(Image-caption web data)
_ _ _ _ _ _ _

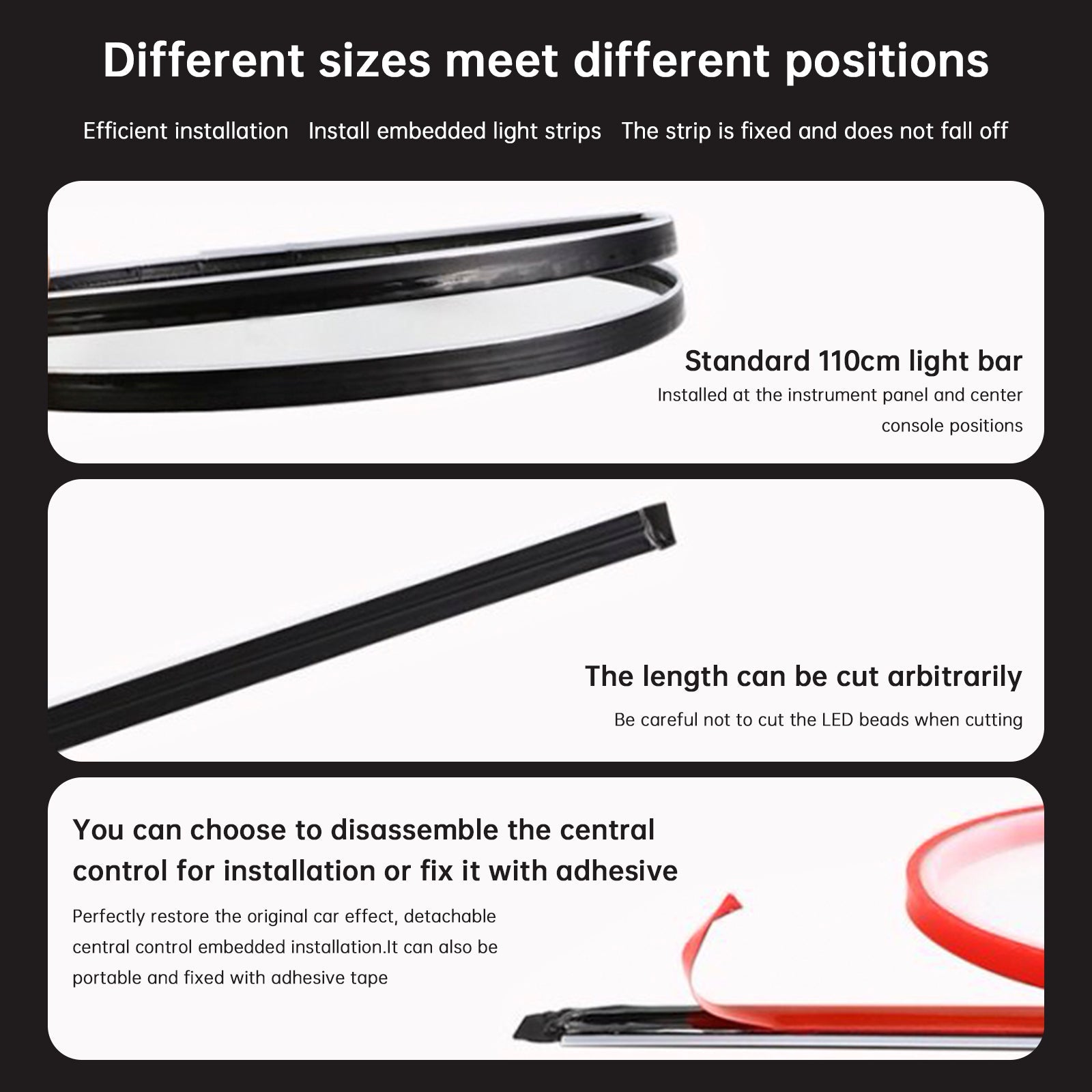 LED de luz decorativa LED colorido en el control central, 110 cm + 35 cm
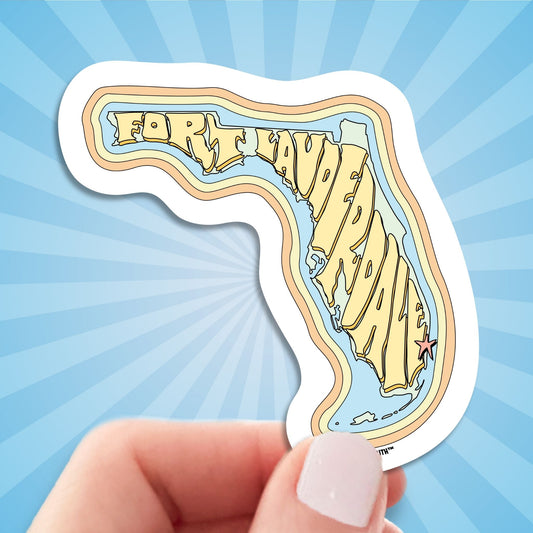fort lauderdale sticker, hand display, sun rays design background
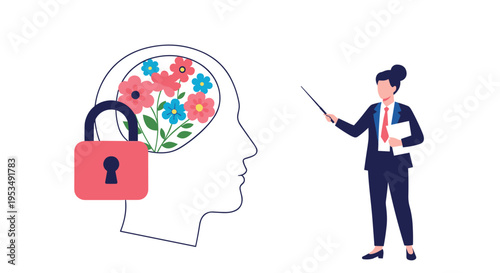 Mental health awareness and psychological privacy concept showing a head silhouette with flowers and a security lock icon.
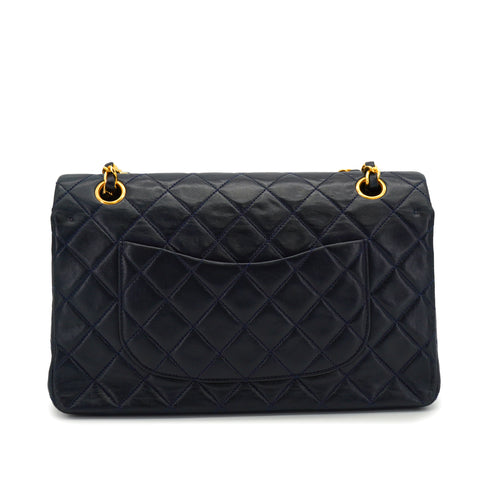 VINTAGE CHANEL CLASSIC FLAP MEDIUM CHAIN SHOULDER BAG NAVY LAMB SKIN GOLD HARDWARE 90327182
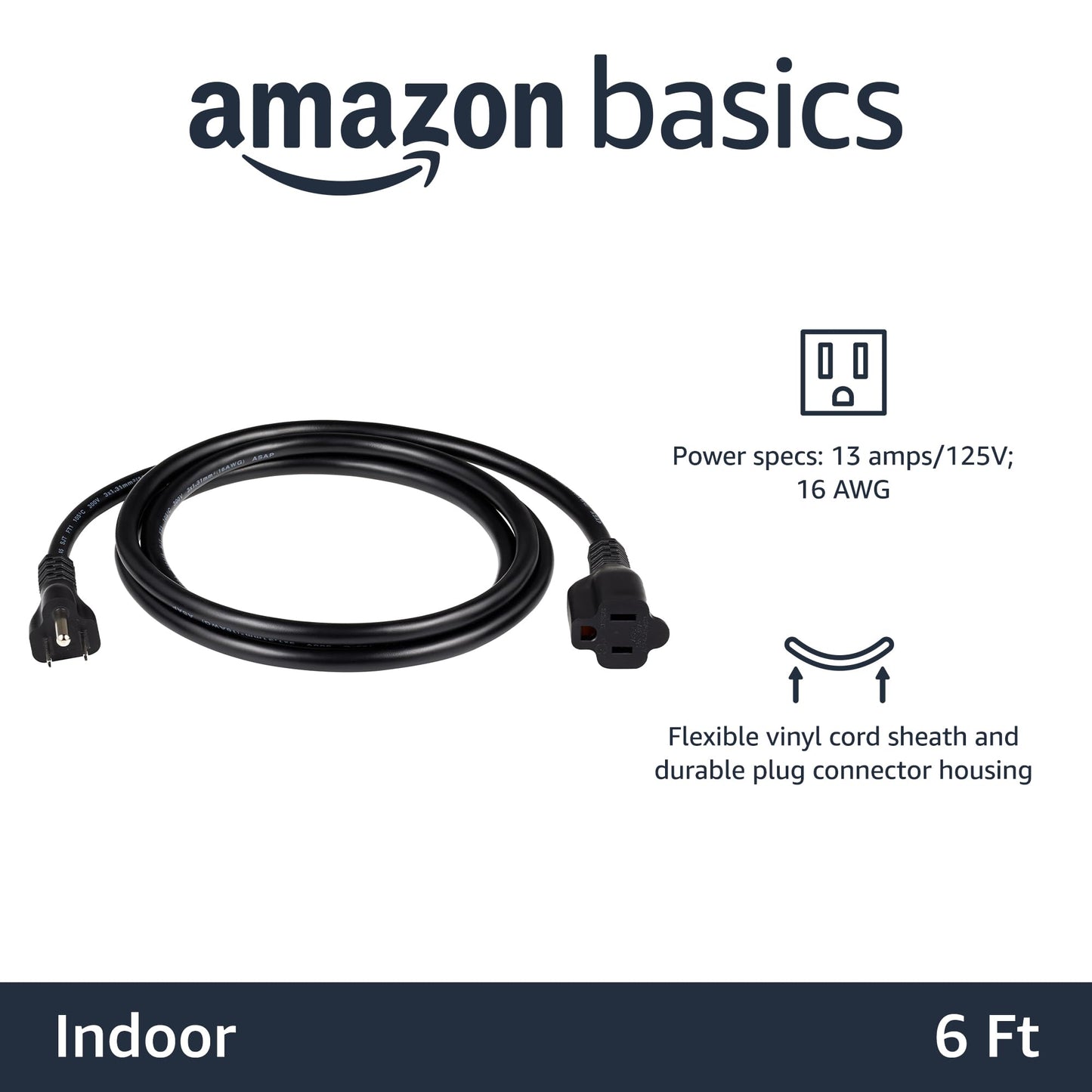 Amazon Basics 6-Foot Extension Cord - 13 Amps, 125V - Black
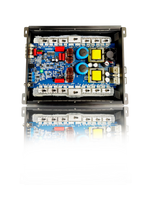 Mono amplifier with exposed blue circuit board and internal power components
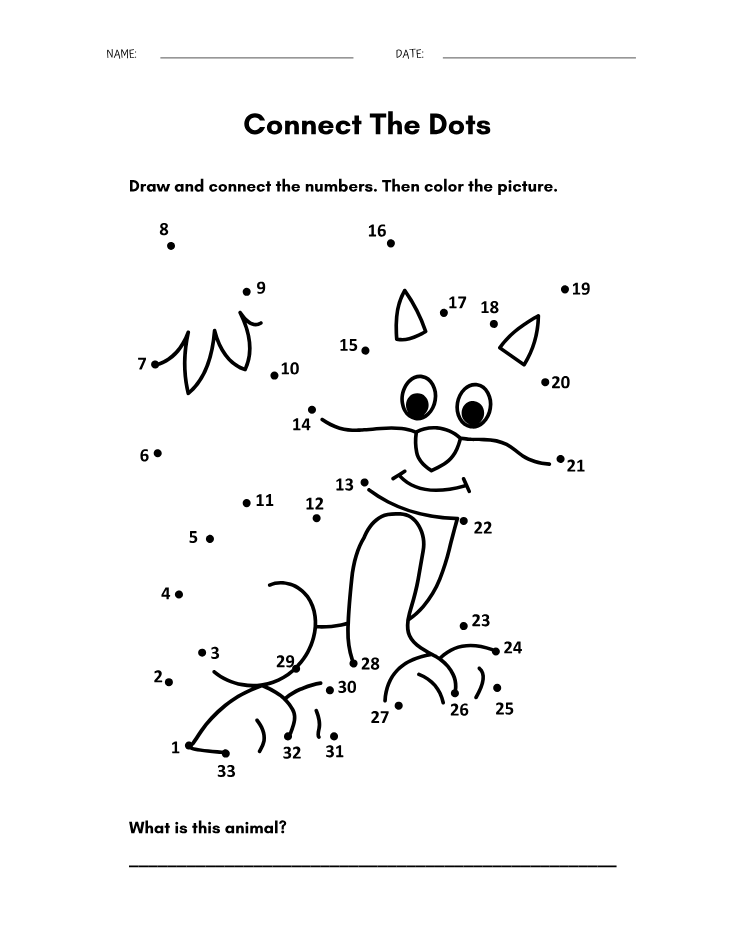 Kindergarten Beginner Cat Color by Number Worksheet - Free Printable PDF preview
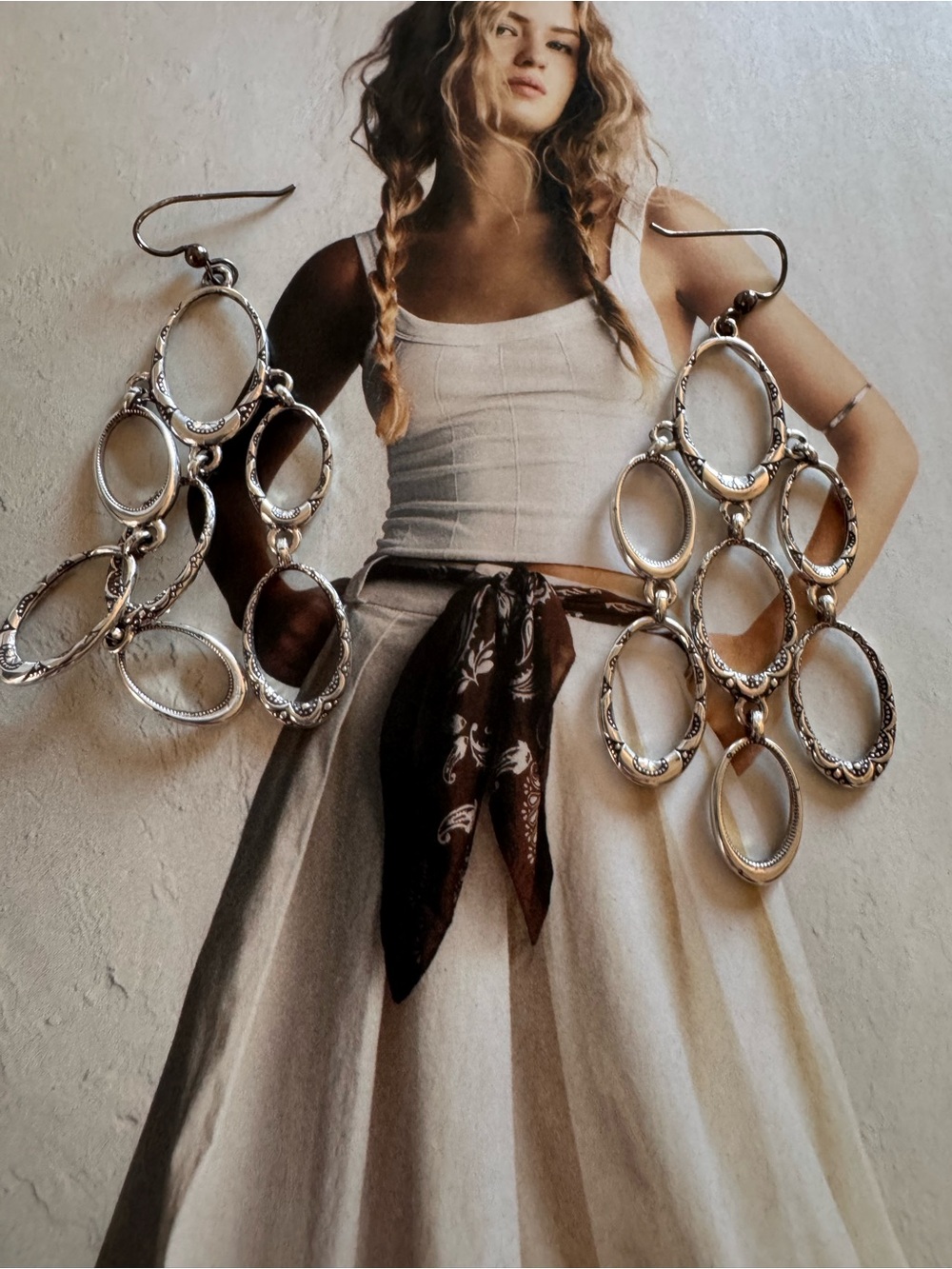 Silver Multi-Hoop Dangle Earrings - Women Accessories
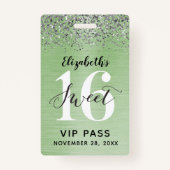 Badge Green Sweet 16 VIP d'anniversaire (Devant)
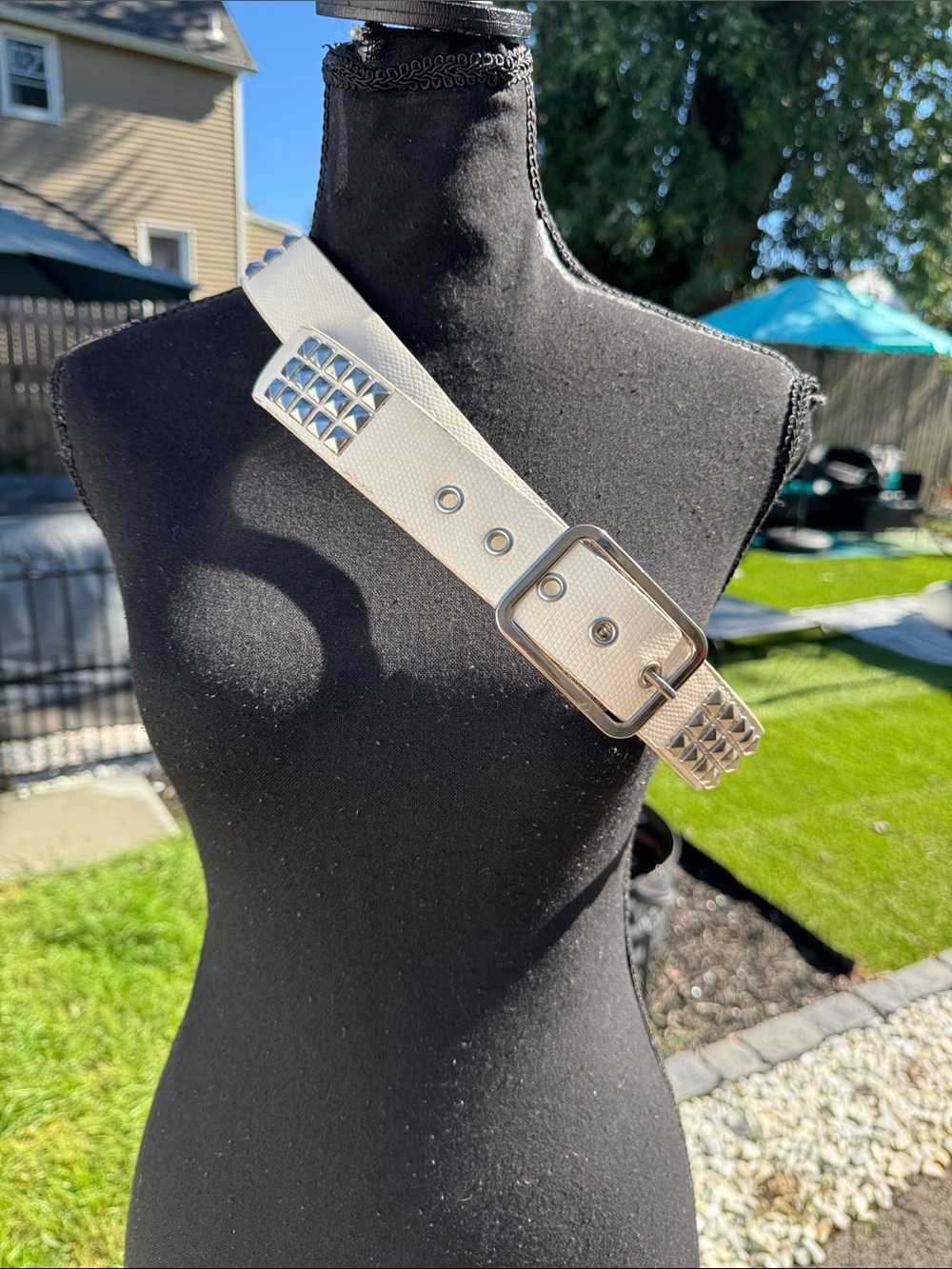 White Studded Leather Belt with Silver Buckle - Women Accessories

_ _ _ _ _ _ _

§ **Exercise directions**: Could you copy every record above exactly, leaving out the pictures?

§ **Task response**:
 LED de luz decorativa LED colorido en el control central, 110 cm + 35 cm
fort lauderdale sticker, hand display, sun rays design background
 Mental health awareness and psychological privacy concept showing a head silhouette with flowers and a security lock icon.
 VINTAGE CHANEL CLASSIC FLAP MEDIUM CHAIN SHOULDER BAG NAVY LAMB SKIN GOLD HARDWARE 90327182
 Amazon Basics 6-Foot Extension Cord - 13 Amps, 125V - Black
 Mono amplifier with exposed blue circuit board and internal power components
 Kindergarten Beginner Cat Color by Number Worksheet - Free Printable PDF preview
 Silver Multi-Hoop Dangle Earrings - Women Accessories
 Badge Green Sweet 16 VIP d'anniversaire (Devant)
 White Studded Leather Belt with Silver Buckle - Women Accessories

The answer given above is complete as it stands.